Hybrid Search
Hybrid search combines vector similarity (ANN) with full-text (BM25) ranking for the best of both worlds.
Why Hybrid?
- Vector search excels at semantic similarity ("What is ML?" matches "machine learning tutorial")
- BM25 excels at exact keyword matching ("error code 404" matches documents containing that exact phrase)
- Hybrid combines both signals for higher recall and precision
Example
// Multi-query: array of query objects
const results = await ns.query([
{
rank_by: ["vector", "ANN", queryVector],
top_k: 20,
},
{
rank_by: ["text", "BM25", "machine learning basics"],
top_k: 20,
},
]);
// results is an array of two result sets
const [vectorResults, textResults] = results;
The API returns separate result sets for each sub-query. Client-side fusion (e.g., Reciprocal Rank Fusion) can combine them into a single ranked list.
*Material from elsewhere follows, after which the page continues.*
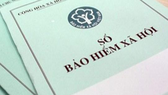 Điều kiện được hưởng lương hưu, hưởng chế độ một lần?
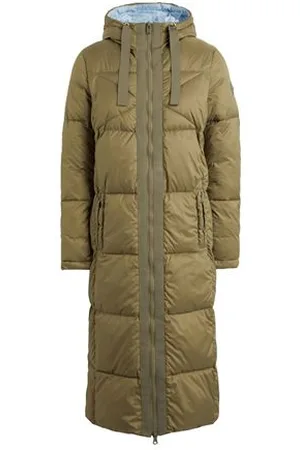 Colmar ROPA DE ABRIGO - Plumíferos y acolchados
Reciprocal Rank Fusion (RRF)
A simple approach to merge results:
function rrf(resultSets: any[][], k = 60) {
const scores = new Map<number, number>();
for (const results of resultSets) {
results.forEach((row, rank) => {
const prev = scores.get(row.id) || 0;
scores.set(row.id, prev + 1 / (k + rank + 1));
});
}
return [...scores.entries()]
.sort((a, b) => b[1] - a[1])
.map(([id, score]) => ({ id, score }));
}